[INFORMATION SHOWN]:
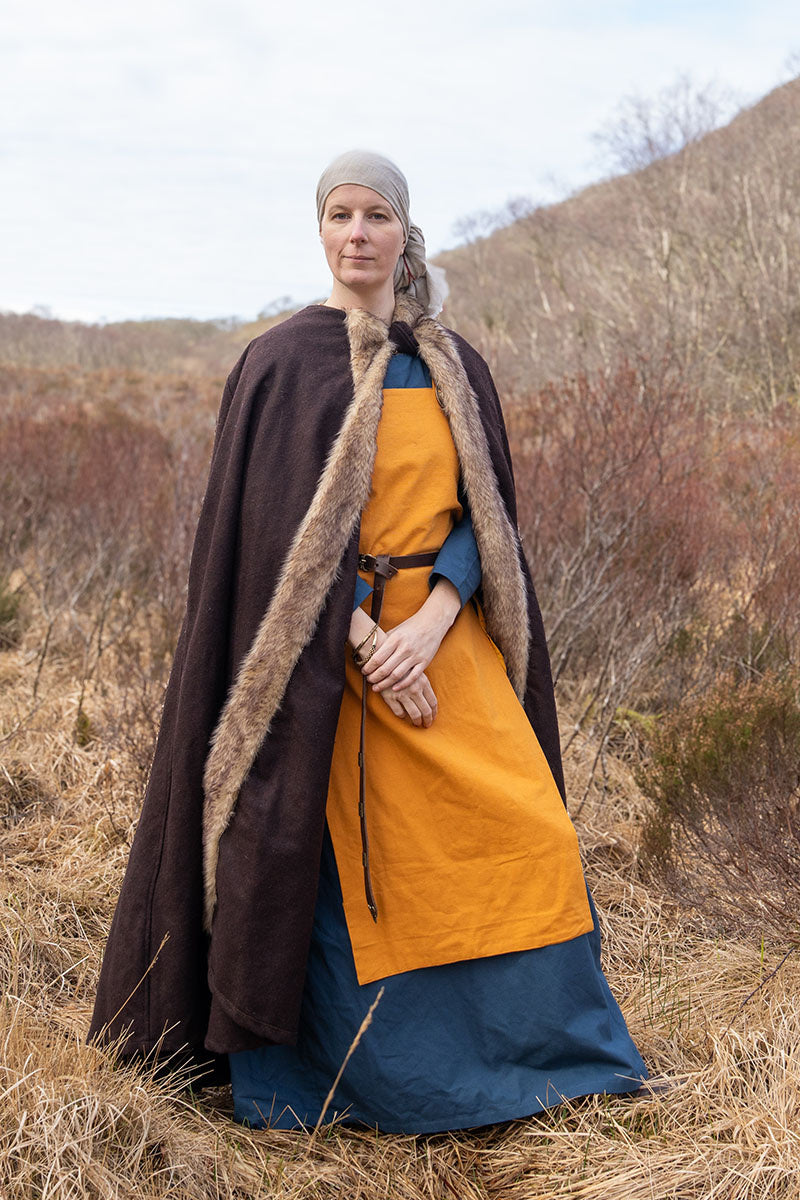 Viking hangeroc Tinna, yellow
* * *
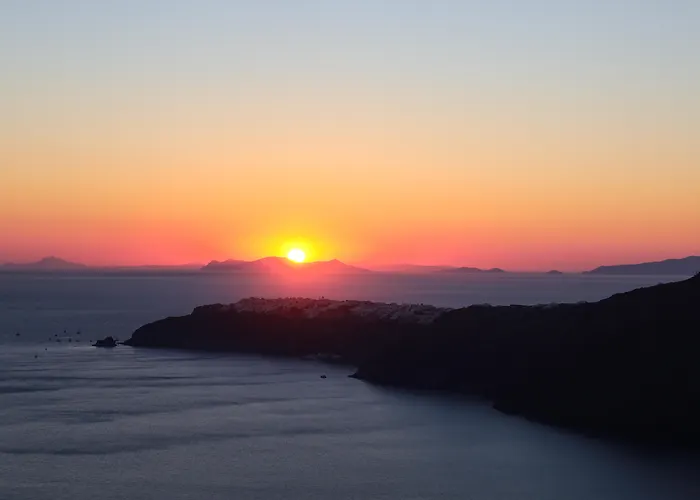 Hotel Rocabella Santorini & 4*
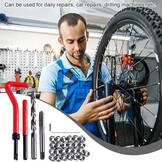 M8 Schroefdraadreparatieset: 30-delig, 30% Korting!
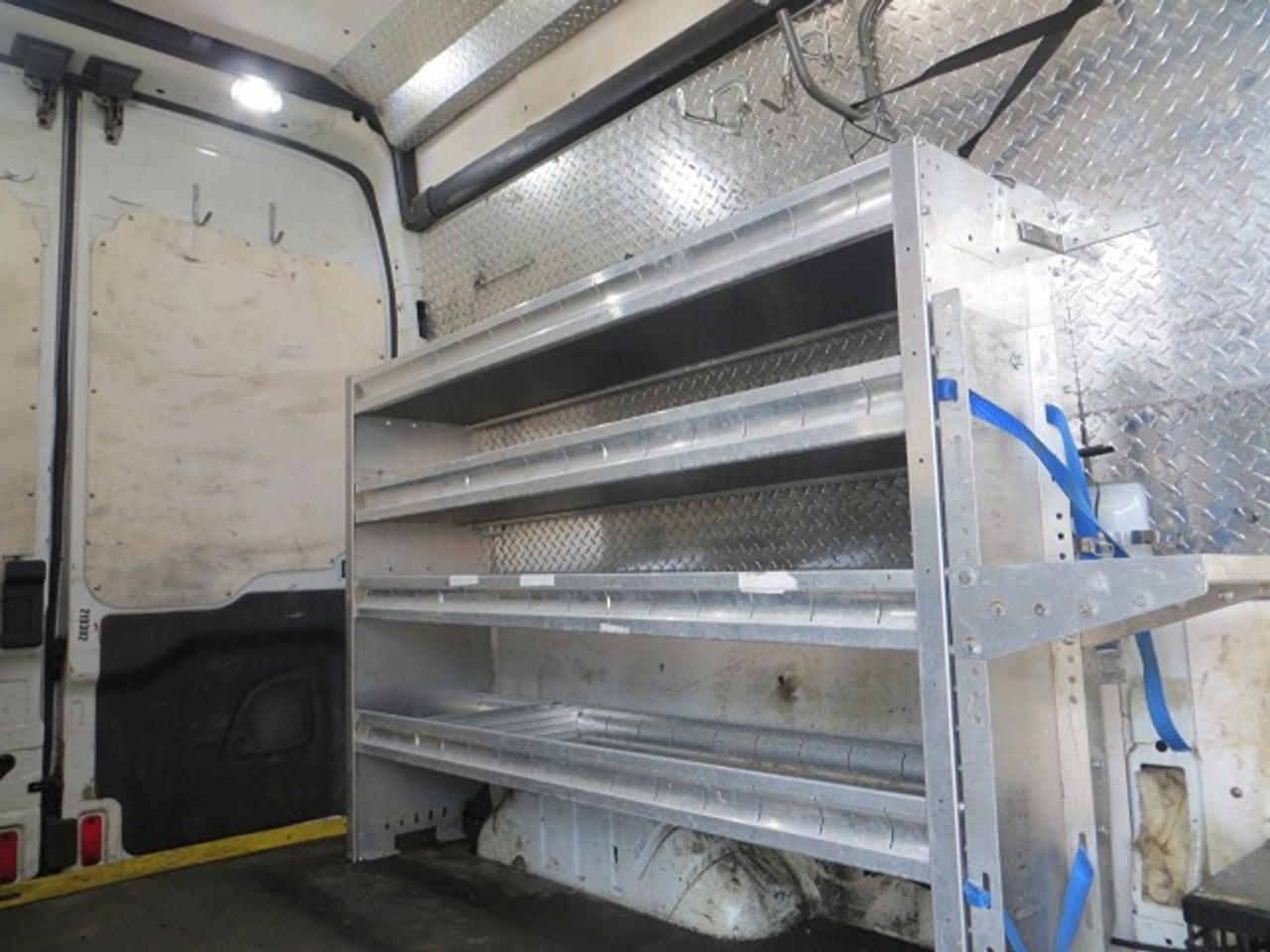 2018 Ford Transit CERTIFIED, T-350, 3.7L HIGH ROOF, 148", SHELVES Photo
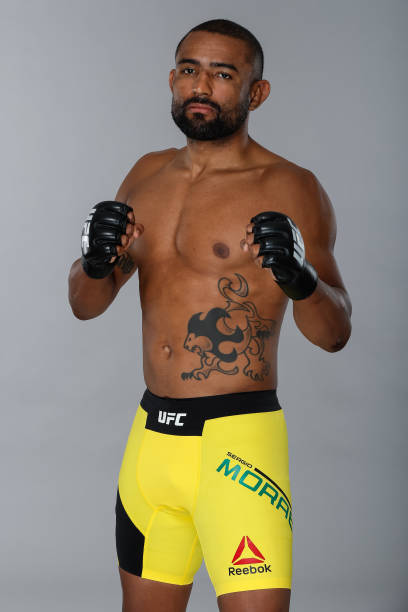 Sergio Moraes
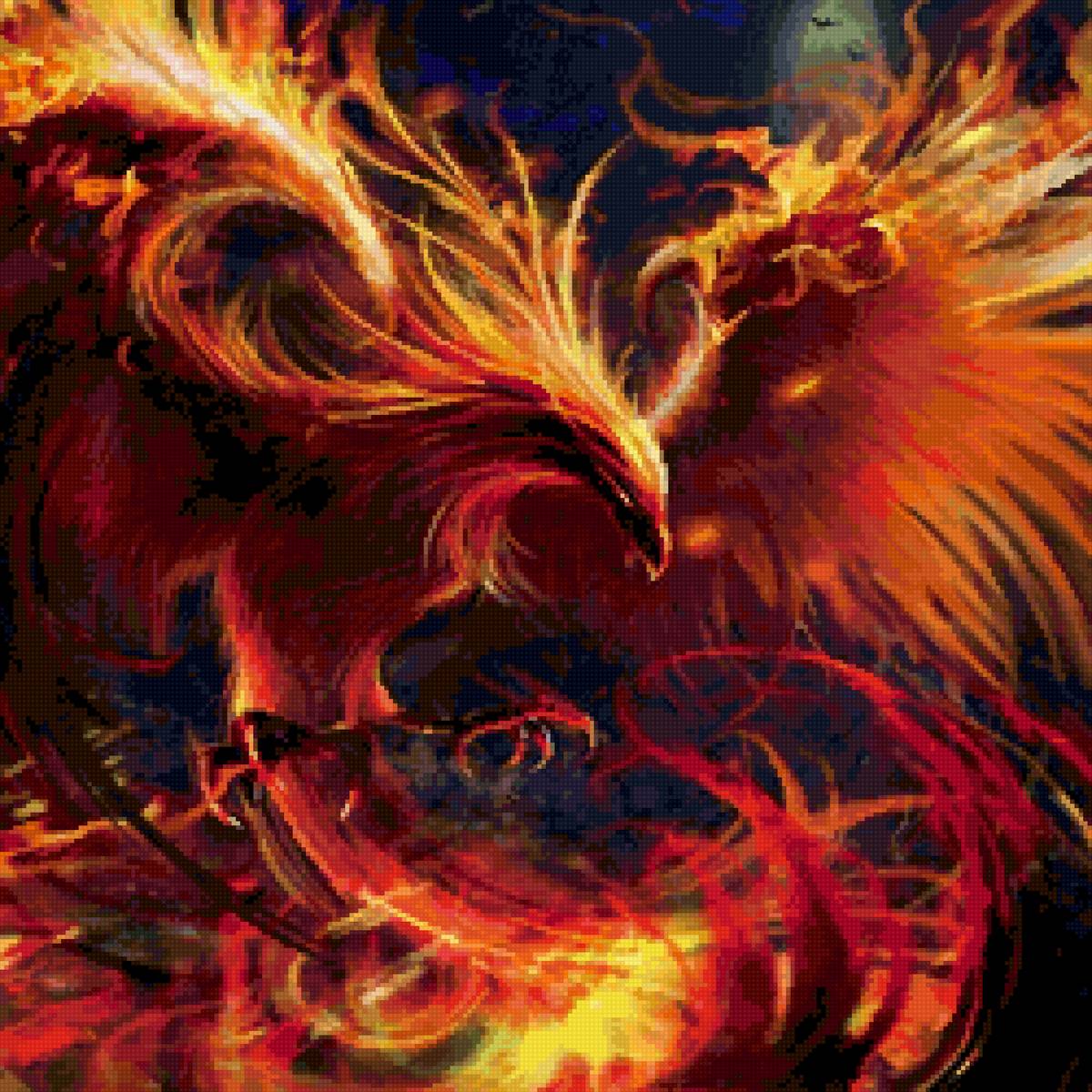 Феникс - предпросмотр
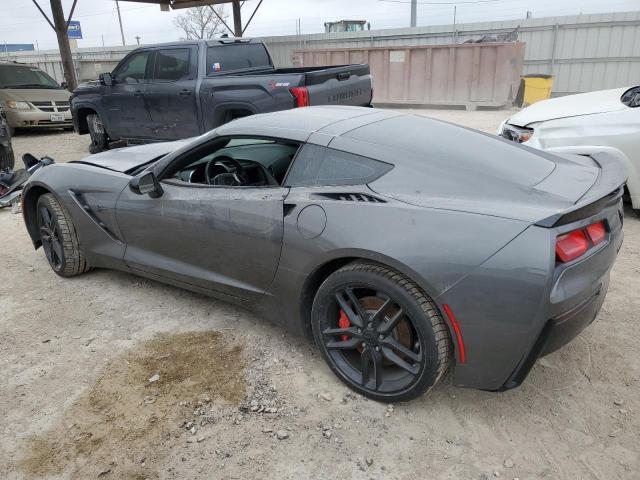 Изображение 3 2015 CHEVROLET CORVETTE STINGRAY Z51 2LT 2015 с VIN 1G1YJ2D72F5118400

[PROBLEM DESCRIPTION]: Look through the listing above for the line with "M8 Schroefdraadreparatieset: 30-delig, 30%" and the line with "Изображение 3 2015". Write out exactly those lines and everything between, leaving out pictures.

[WRITTEN RESPONSE]:
 M8 Schroefdraadreparatieset: 30-delig, 30% Korting!
 2018 Ford Transit CERTIFIED, T-350, 3.7L HIGH ROOF, 148", SHELVES Photo
 Sergio Moraes
 Феникс - предпросмотр
 Изображение 3 2015 CHEVROLET CORVETTE STINGRAY Z51 2LT 2015 с VIN 1G1YJ2D72F5118400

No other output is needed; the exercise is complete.